- Excerpted data:
══════════════════════════════

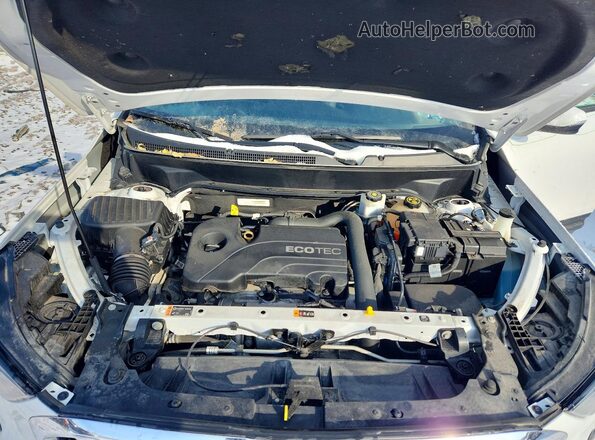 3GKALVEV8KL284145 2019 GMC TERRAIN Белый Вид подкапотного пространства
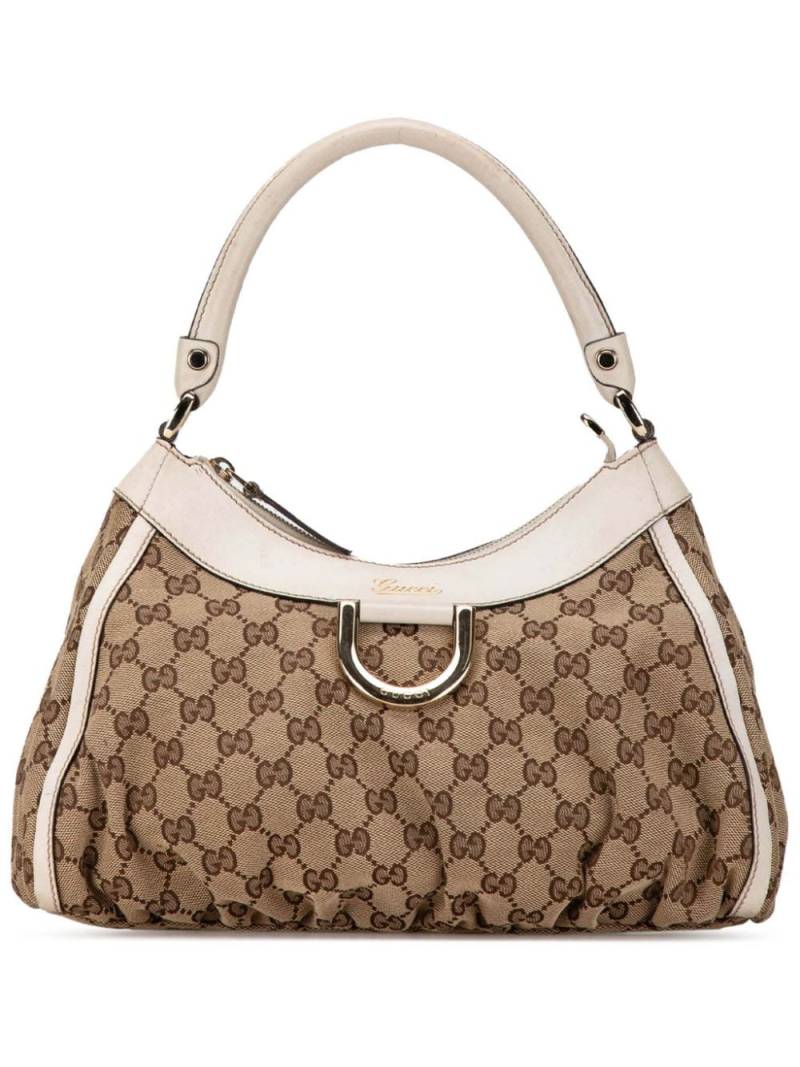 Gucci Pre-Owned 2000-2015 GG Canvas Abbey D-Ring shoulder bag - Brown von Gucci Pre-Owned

══════════════════════════════

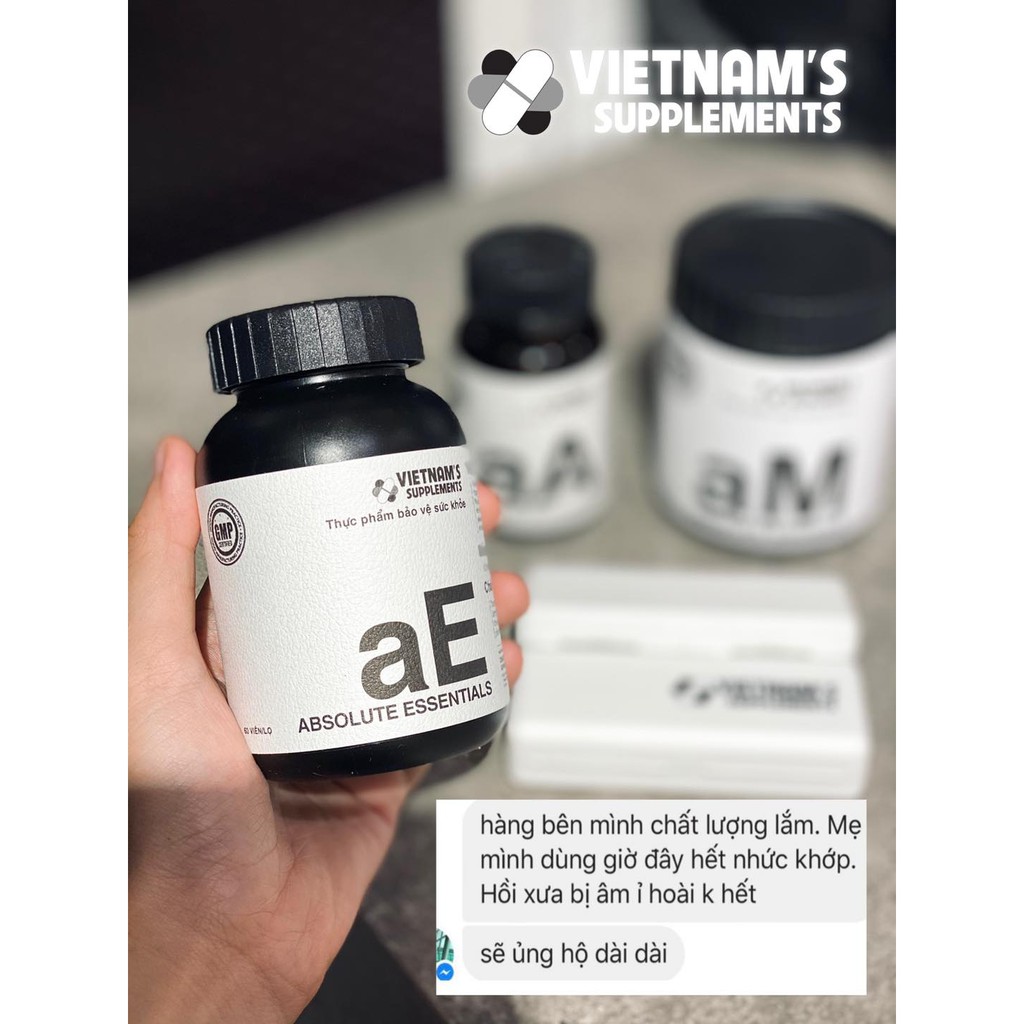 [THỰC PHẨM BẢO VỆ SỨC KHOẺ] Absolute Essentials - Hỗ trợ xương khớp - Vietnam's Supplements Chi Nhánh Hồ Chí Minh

══════════════════════════════

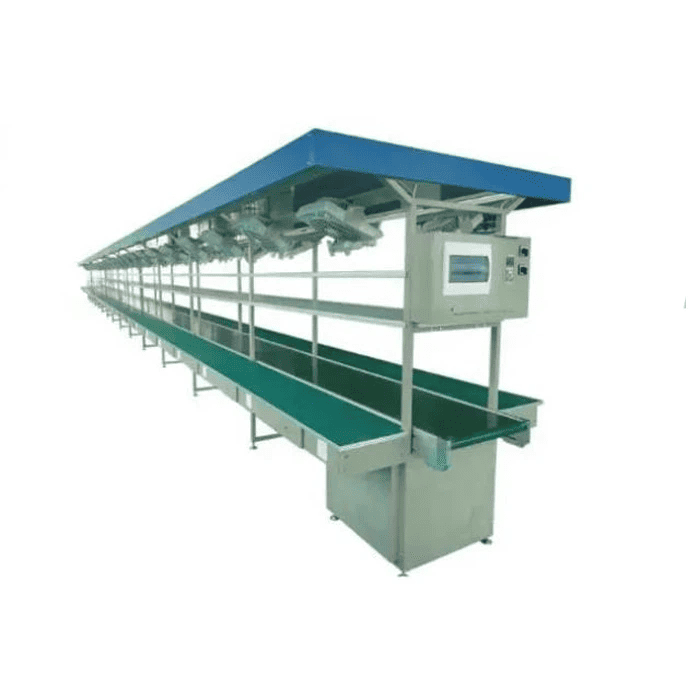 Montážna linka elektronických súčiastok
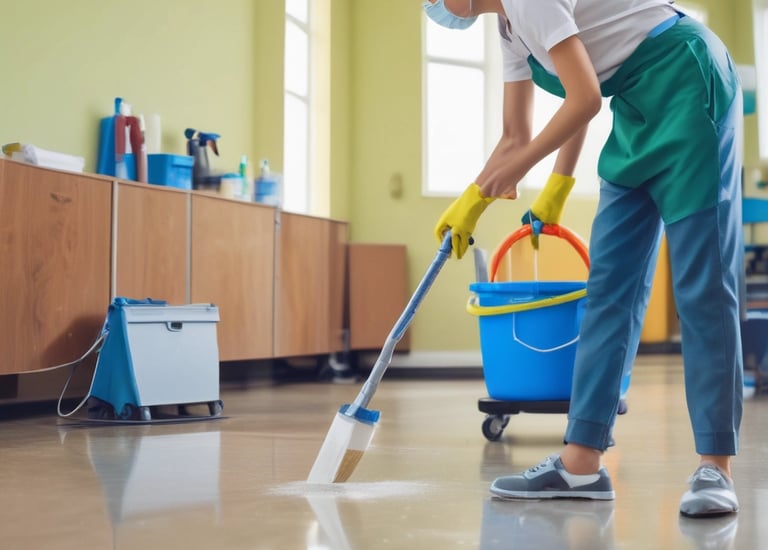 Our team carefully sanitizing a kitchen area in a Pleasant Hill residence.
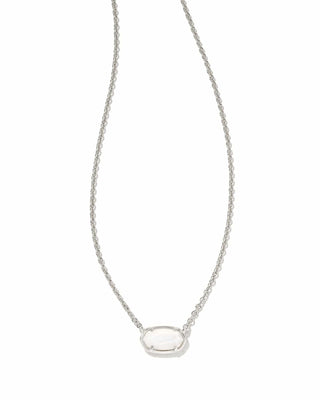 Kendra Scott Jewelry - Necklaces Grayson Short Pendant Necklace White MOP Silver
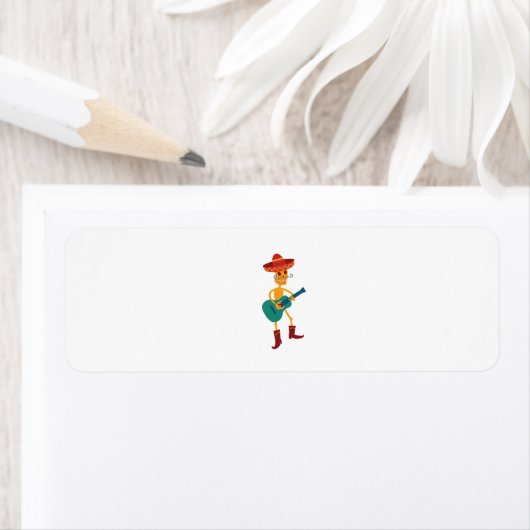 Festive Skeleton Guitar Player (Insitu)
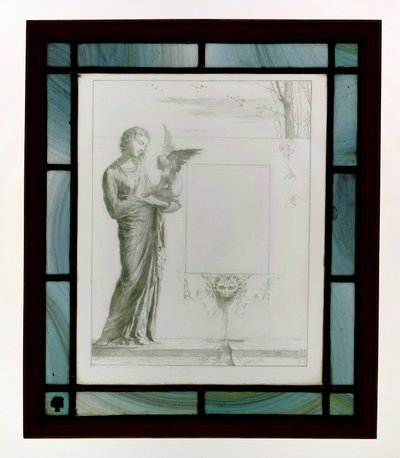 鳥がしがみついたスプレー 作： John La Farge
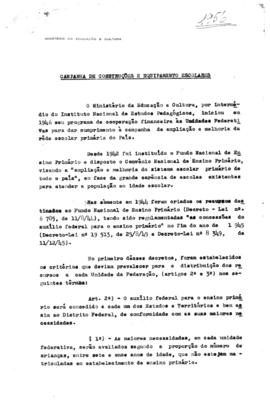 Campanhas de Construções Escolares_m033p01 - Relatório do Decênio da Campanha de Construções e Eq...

══════════════════════════════

- Exercise details:
The reply should hold the entries above from the line with "3GKALVEV8KL284145 2019 GMC" to the line with "Gucci Pre-Owned 2000-2015", duplicated exactly, pictures excluded.

- Your response:
 3GKALVEV8KL284145 2019 GMC TERRAIN Белый Вид подкапотного пространства
 Gucci Pre-Owned 2000-2015 GG Canvas Abbey D-Ring shoulder bag - Brown von Gucci Pre-Owned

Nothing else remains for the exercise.